There is no specific evidence linking cannabis smoking with lung cancer, Prof. Iversen says.
He says it's absurd to say smoking three joints is equivalent to smoking 20 cigarettes because joints come in different sizes and strengths as do commercial cigarettes.
Although he adds, "I don't think any drug is safe."
Psychiatrists have also linked cannabis use to schizophrenia.
"People with schizophrenia do not take more alcohol, heroin or ecstasy than the rest of us, but they are twice as likely to smoke cannabis regularly," says Dr. Robin Murray, a professor of psychiatry at the Institute of Psychiatry in London.
Dr. Murray says cannabis, along with cocaine and amphetamines, encourage the release of dopamine in the brain, which in turn leads to increased hallucinations.
He notes that the incidence of schizophrenia in south London has doubled in the past 40 years, and he says increased use of both cannabis and cocaine could be at fault.
Dr. Murray cites a study that interviewed 50,000 conscripts to the Swedish Army about their drug use and followed up later. Heavy users of cannabis at the age of 18 were six times as likely to be diagnosed with schizophrenia by the time they were 33 than those who kept away from the drug.
Another study, this one in the Netherlands, interviewed 7,500 people about their consumption of drugs and looked at their behaviour over the next three years. Regular users of cannabis were more likely to develop psychosis than those who did not use the drug.
"Any public debate on cannabis needs to take account of the risks as well as the pleasure," Dr. Murray says. "Pro-marijuana campaigners claim, extrapolating from their Saturday-night joint, that cannabis is totally safe. Yet they would be unlikely to claim that a bottle of vodka a day is healthy on the basis of sharing a bottle of Chablis over dinner.
"No drugs that alter brain chemistry are totally safe," he says. "Just as some who drink heavily become alcoholic, so a minority of those who smoke cannabis daily go psychotic."

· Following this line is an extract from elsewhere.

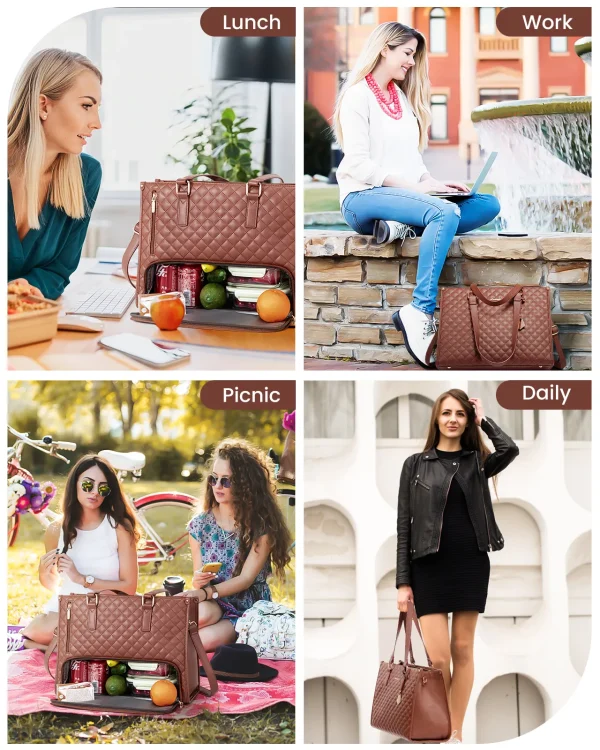 2pcs Ladies Shoulder Bags Lunch Box Daily School Business Waterproof Women Laptop Handbags With Insulated Cooler Bag - Image 4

A major study on the links between cannabis and schizophrenia is due to be published in the British Medical Journal next week by Louise Arsenault, a biomedical researcher at the Institute of Psychiatry who was trained at the University of Montreal.

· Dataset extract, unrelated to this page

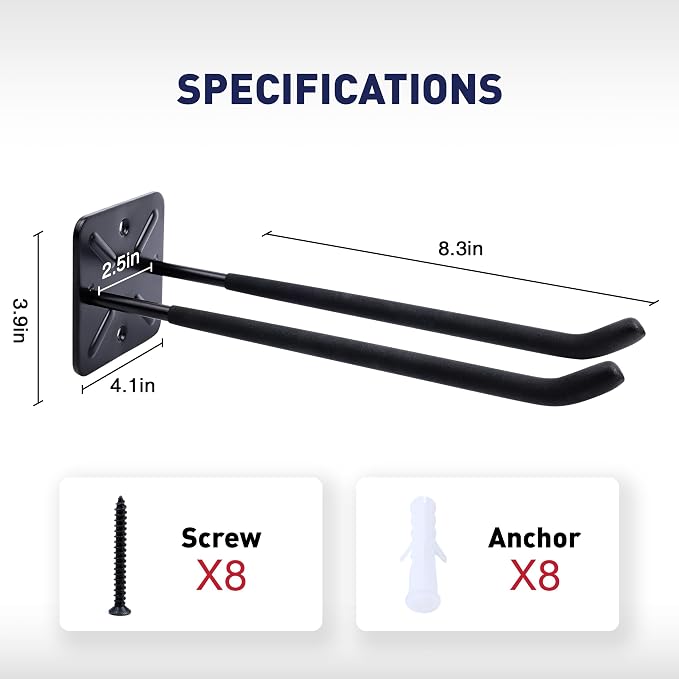 SMART JERRY - Garage Hooks Heavy Duty Tool Organizer │Wall Mount Hooks - Image 2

Research made public last year by Dr. Arsenault showed that young men who regularly smoke cannabis are five times more likely to be violent than those who avoid the drug. Using data from a study of 961 young adults in Dunedin, New Zealand, she discovered that one-third of those with a cannabis habit had a court conviction for violence by the time they hit 21 or had displayed violent behaviour. That was three times the level of those who drank excessive amounts of alcohol.

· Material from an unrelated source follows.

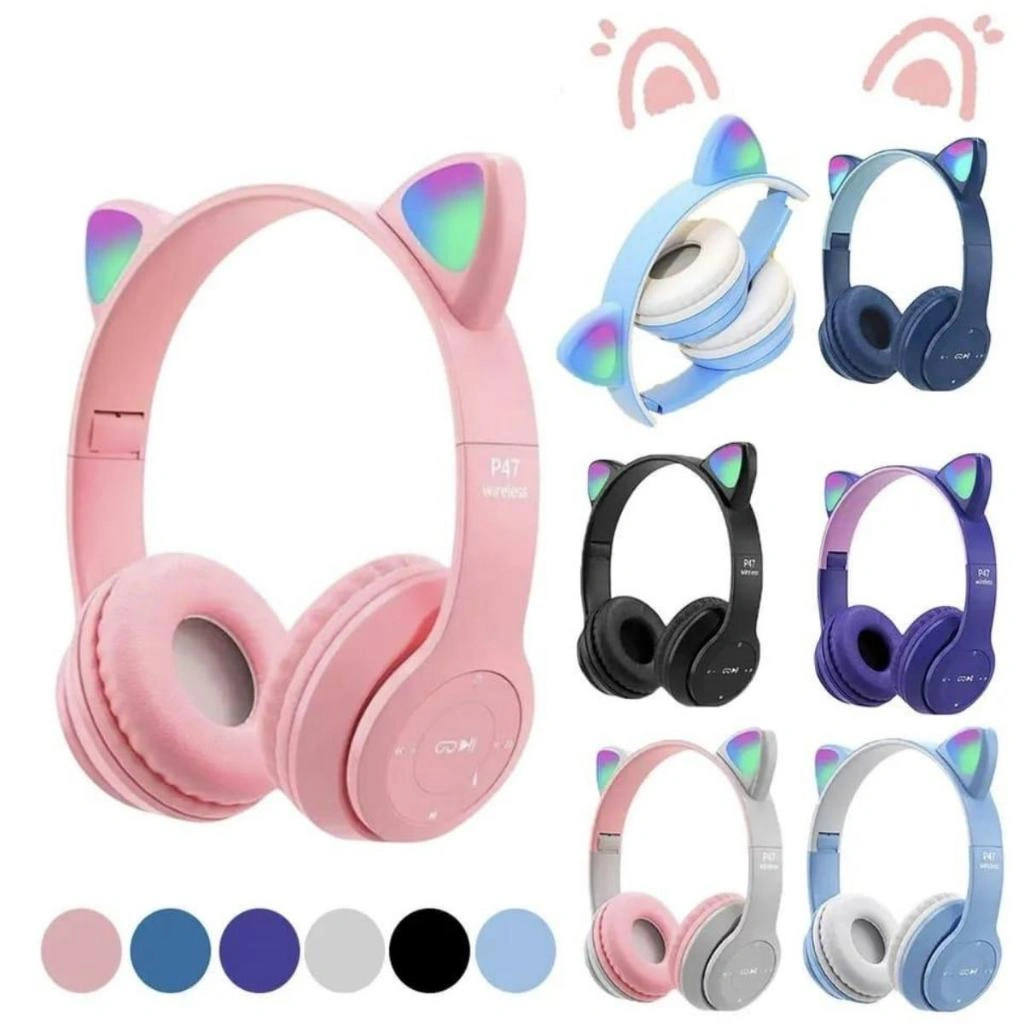 P47M Wireless Headphone Cute Cat Ear Bluetooth Headset LED Children Stereo Folding Sports Microphone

The warnings about marijuana have not deterred members of Britain's Legalize Cannabis Alliance, who say the report is merely a selective study of existing medical literature, which ignores studies that discount the health threats posed by the drug.
"I've used it for 30 years and it doesn't seem to have affected my health," says Alun Buffry, the alliance's national co-ordinator.
"I stopped tobacco three or four years ago and I have noticed that since then my health has improved. My general level of energy has improved and I get more of a high from cannabis than the sleepiness I used to get, which I think had to do with tobacco."
Mr. Buffry argues that it would be best to legalize cannabis to control the quality of what is sold and eliminate "dirty supplies" that may include potentially harmful glues, fillers and colouring agents.
"I would argue that it would be far more dangerous illegal than it would be legalized," he says. "Even if cannabis were the most dangerous substance in the world, it is still consumed by millions of people."
Alan Freeman is The Globe and Mail's European correspondent.